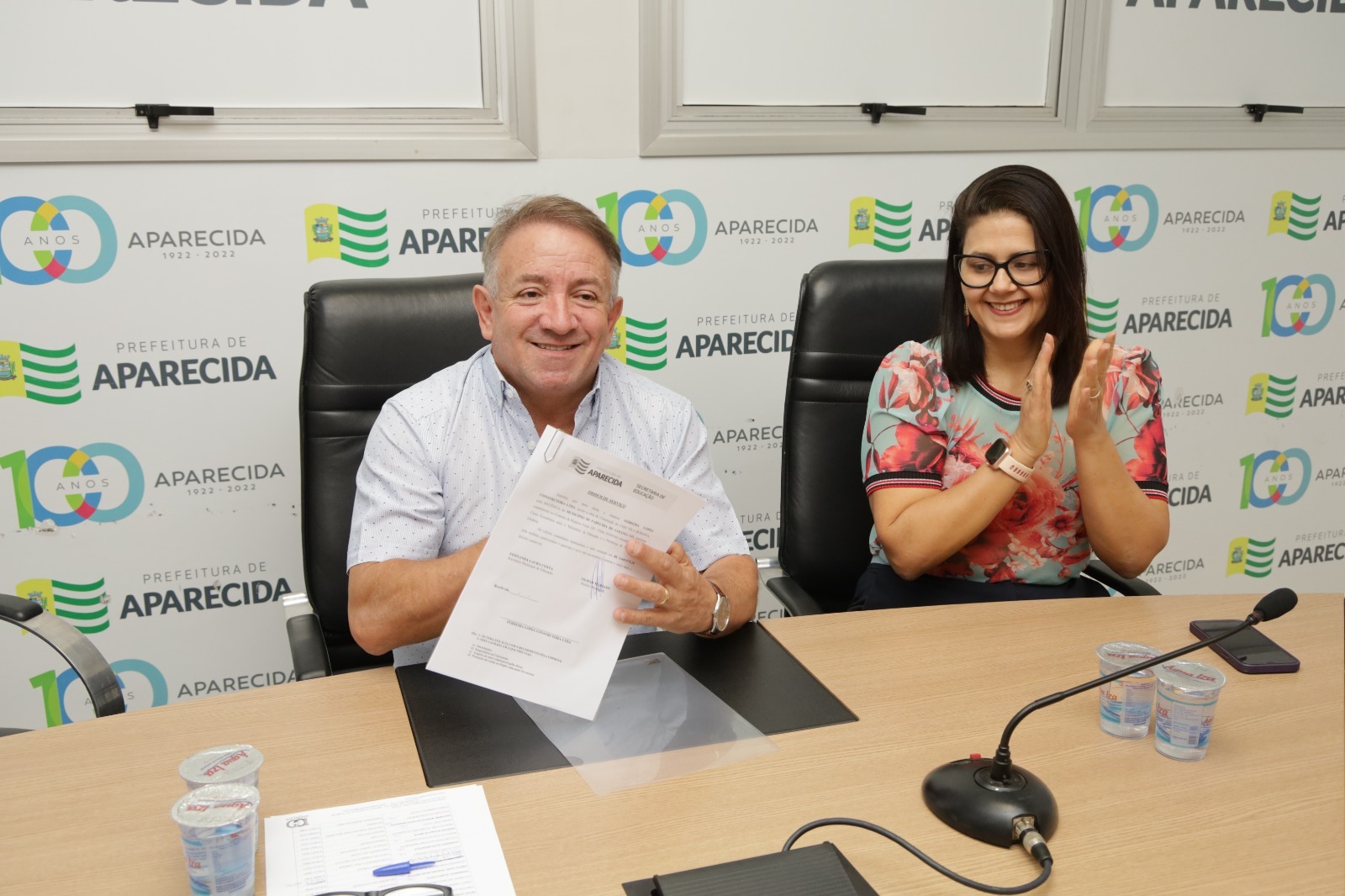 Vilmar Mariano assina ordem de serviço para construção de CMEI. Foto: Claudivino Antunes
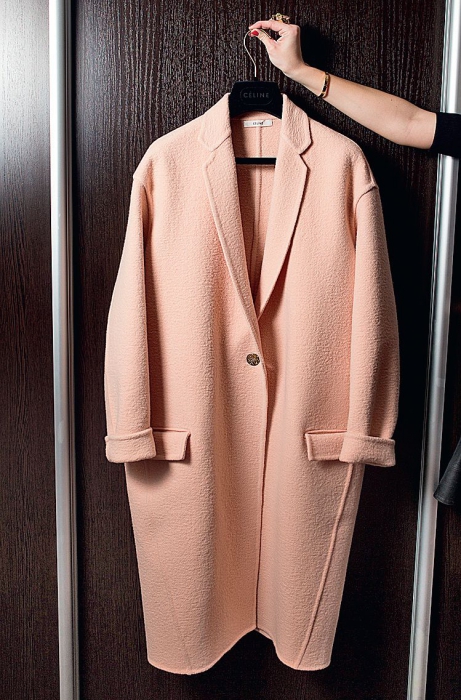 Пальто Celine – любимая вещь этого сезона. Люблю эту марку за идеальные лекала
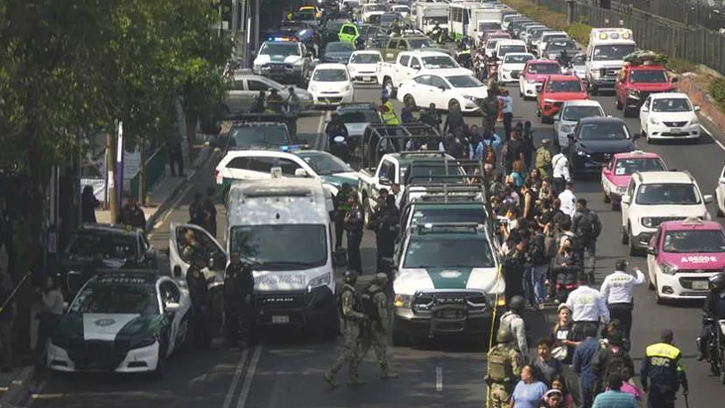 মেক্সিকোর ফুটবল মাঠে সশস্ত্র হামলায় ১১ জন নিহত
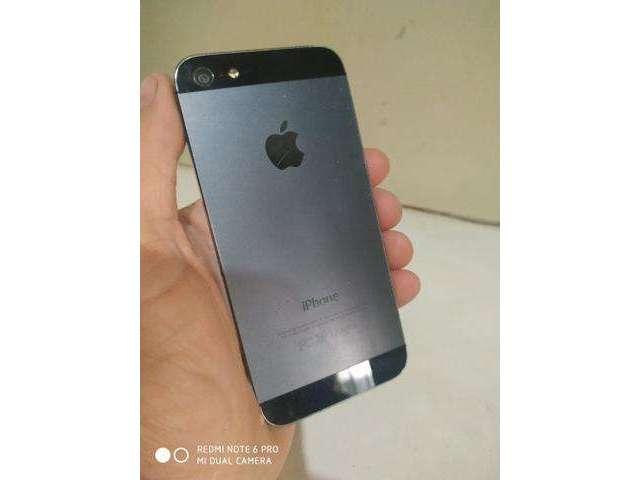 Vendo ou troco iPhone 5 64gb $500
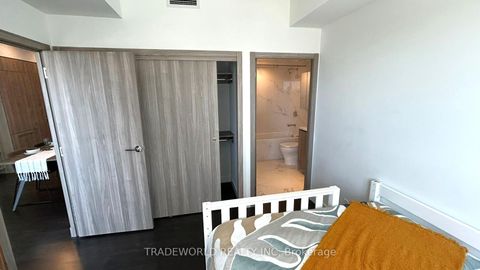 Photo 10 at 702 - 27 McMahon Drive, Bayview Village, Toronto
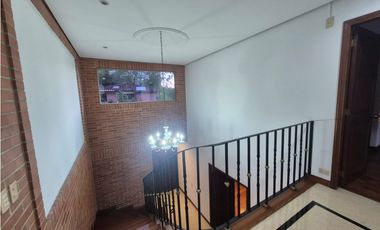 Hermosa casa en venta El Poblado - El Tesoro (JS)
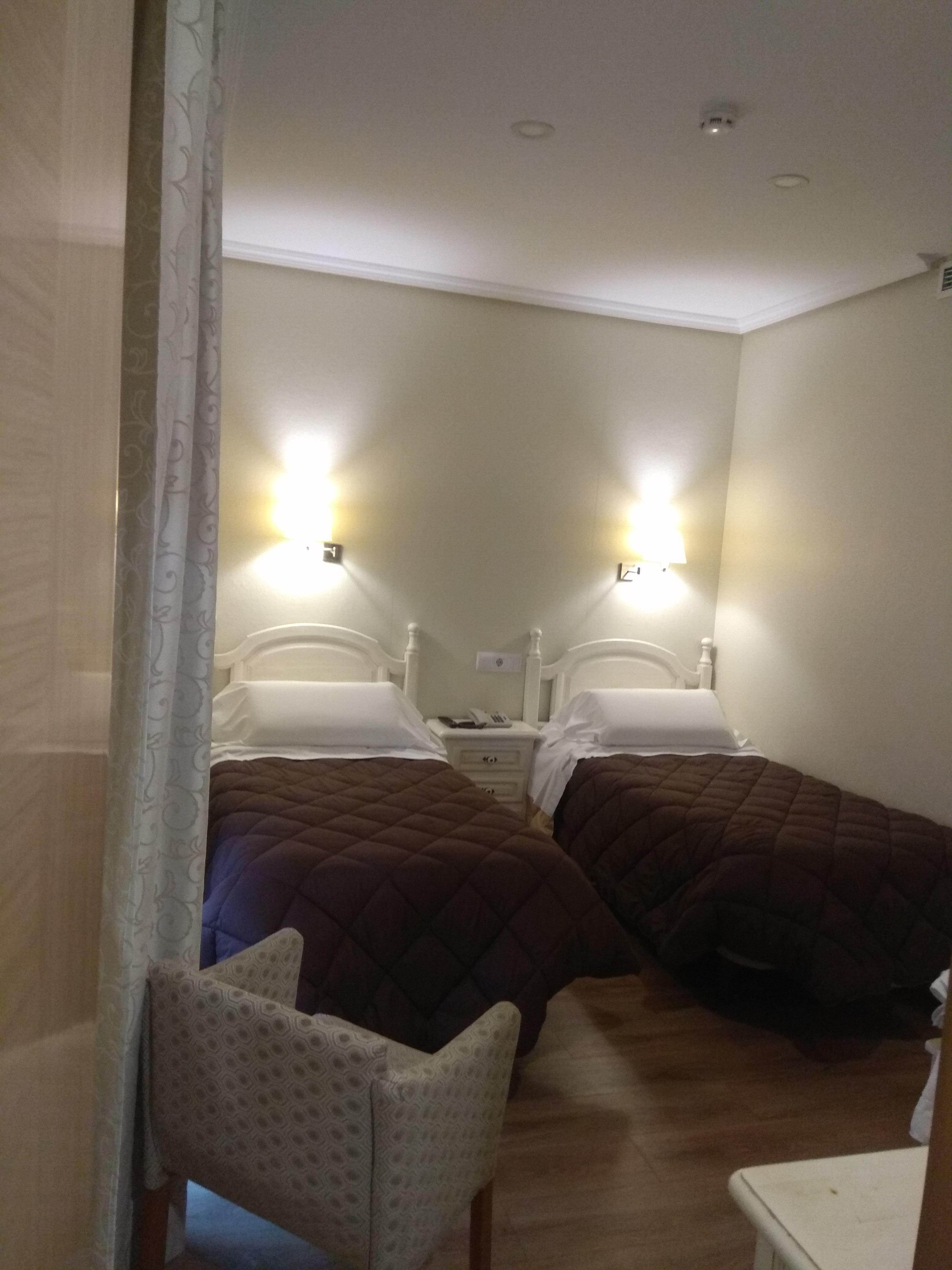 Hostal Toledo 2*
------------------------------
_What to work on_
The records must appear again word for word, though none of their pictures should.

_Exercise response_
 Vilmar Mariano assina ordem de serviço para construção de CMEI. Foto: Claudivino Antunes
 Пальто Celine – любимая вещь этого сезона. Люблю эту марку за идеальные лекала
 মেক্সিকোর ফুটবল মাঠে সশস্ত্র হামলায় ১১ জন নিহত
 Vendo ou troco iPhone 5 64gb $500
 Photo 10 at 702 - 27 McMahon Drive, Bayview Village, Toronto
 Hermosa casa en venta El Poblado - El Tesoro (JS)
 Hostal Toledo 2*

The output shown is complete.